When all the chips were down, and the pride of Ugandan cricket battered, following the relegation of the men’s team to division four of international cricket, and the under-19 boys lost a World Cup qualification final to Kenya in July, this was considered a ‘dead’ year.
However, the Lady Cricket Cranes team posted a 90/7 score to beat Zimbabwe’s 89/7 in the final of the International Cricket Council (ICC) Africa Region T20 World Cup qualifiers last Saturday, and restored the pride of Ugandan cricket.
“You have to fight and work to earn recognition. And by being African T20 champions, our efforts have paid off,” Lydia Bakumpe, the team manager, said.

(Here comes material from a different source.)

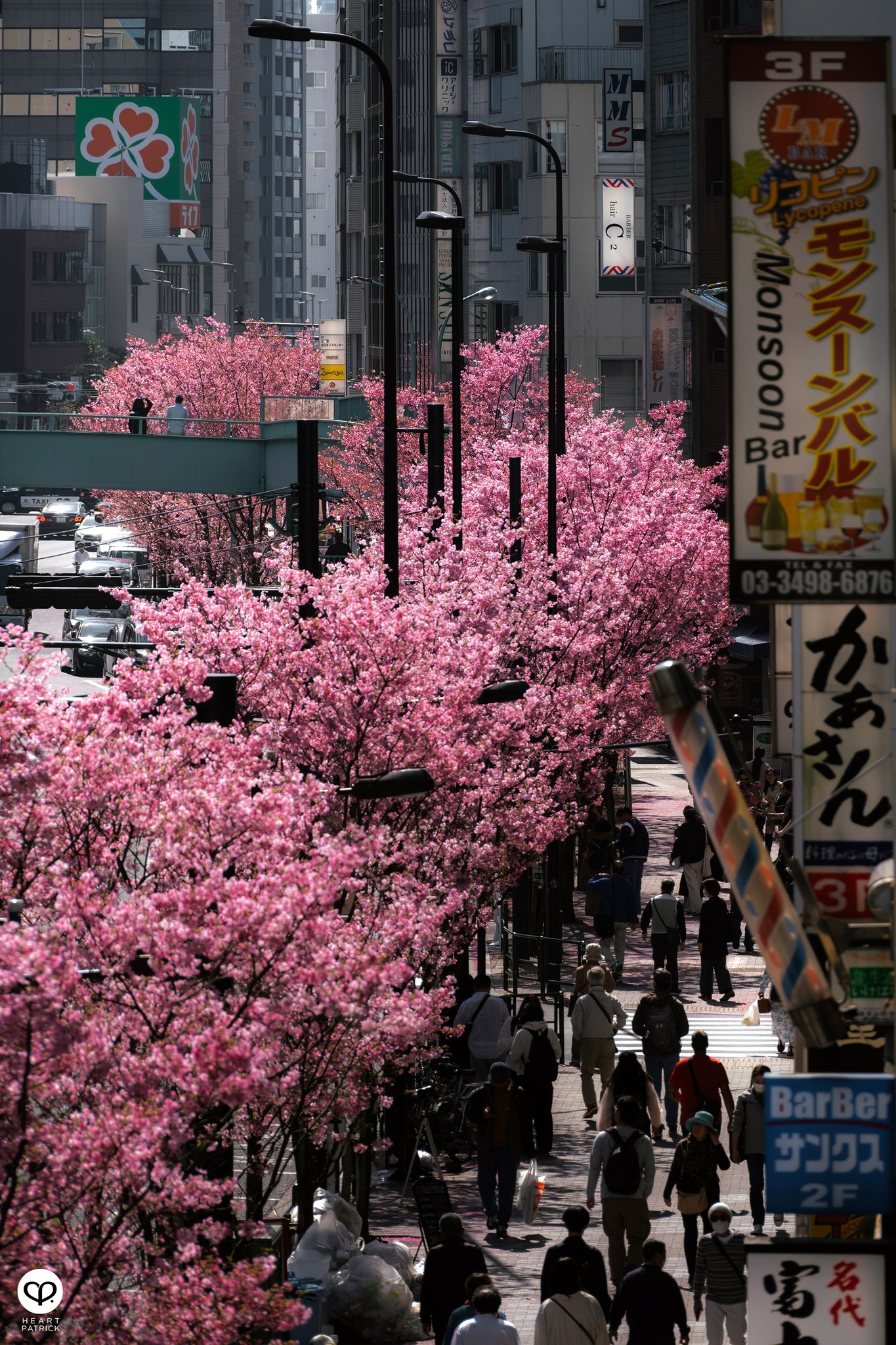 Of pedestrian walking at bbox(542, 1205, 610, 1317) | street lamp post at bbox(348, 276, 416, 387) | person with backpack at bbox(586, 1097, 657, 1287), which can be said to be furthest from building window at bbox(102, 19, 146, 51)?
pedestrian walking at bbox(542, 1205, 610, 1317)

Bakumpe is one of the pioneers of the national women’s cricket league, which started in 2008. And having been part of the national team in its formative years then, Bakumpe experienced many disappointments. It has been a long hard walk to this point. Skipper Kevin Awino says it was hard work and team ethic.
Yet, there have been more intricate factors such as the two league divisions of women’s cricket. Coupled with an ever-growing Girls Schools Cricket Week tournament, there has been growing activity in the ladies game.

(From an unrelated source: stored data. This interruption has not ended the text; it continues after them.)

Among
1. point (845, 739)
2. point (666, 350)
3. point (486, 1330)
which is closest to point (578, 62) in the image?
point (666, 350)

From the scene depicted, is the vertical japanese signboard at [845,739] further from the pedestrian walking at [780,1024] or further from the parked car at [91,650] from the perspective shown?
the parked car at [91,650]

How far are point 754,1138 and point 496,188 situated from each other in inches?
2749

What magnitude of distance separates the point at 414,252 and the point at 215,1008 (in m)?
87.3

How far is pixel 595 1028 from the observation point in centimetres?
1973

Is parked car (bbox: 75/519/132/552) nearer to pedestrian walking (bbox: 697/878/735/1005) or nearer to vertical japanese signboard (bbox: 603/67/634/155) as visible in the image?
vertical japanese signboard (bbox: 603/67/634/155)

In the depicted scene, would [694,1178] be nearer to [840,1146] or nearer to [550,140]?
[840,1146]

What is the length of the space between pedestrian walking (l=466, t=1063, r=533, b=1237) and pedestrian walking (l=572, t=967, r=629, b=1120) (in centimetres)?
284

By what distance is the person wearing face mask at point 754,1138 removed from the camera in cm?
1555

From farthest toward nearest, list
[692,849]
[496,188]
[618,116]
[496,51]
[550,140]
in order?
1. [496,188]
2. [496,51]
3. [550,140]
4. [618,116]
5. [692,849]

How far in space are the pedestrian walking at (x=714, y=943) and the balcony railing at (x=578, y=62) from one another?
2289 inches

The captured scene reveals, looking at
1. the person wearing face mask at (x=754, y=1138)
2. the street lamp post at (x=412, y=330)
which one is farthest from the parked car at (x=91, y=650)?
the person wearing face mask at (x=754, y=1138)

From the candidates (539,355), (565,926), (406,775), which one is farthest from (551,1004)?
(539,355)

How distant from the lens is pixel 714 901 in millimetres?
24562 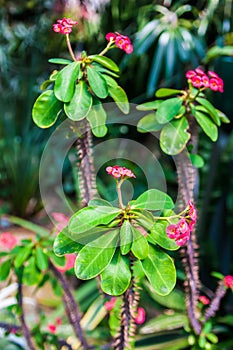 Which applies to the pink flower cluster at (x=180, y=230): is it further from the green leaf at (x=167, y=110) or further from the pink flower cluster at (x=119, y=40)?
the pink flower cluster at (x=119, y=40)

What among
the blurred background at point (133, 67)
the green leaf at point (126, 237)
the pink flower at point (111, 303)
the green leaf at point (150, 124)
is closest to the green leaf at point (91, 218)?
the green leaf at point (126, 237)

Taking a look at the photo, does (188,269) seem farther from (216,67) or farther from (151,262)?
(216,67)

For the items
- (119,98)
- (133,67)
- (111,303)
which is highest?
(119,98)

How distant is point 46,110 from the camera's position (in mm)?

It is, therefore, unsurprising that Gertrude Candiru was the MVP at a tournament against more fancied opponents like Kenya and Zimbabwe.
Youth also kept Uganda in good stead. After years of shortcoming, the addition of schoolgirls to the team did not only bring exuberance, but hunger too. Since the youth had not experienced much failure, they played with a lot of conviction and determination to prove a point.
Therefore, the public perception towards the women’s game is expected to change henceforth, as seen in the kind of media coverage their return attracted.
Similarly, the Lady Cricket Cranes have to play Papua New Guinea, Netherlands, Ireland, Bangladesh and Scotland later this year, to make certain, their place at next year’s ICC T20 World Cup in the West Indies.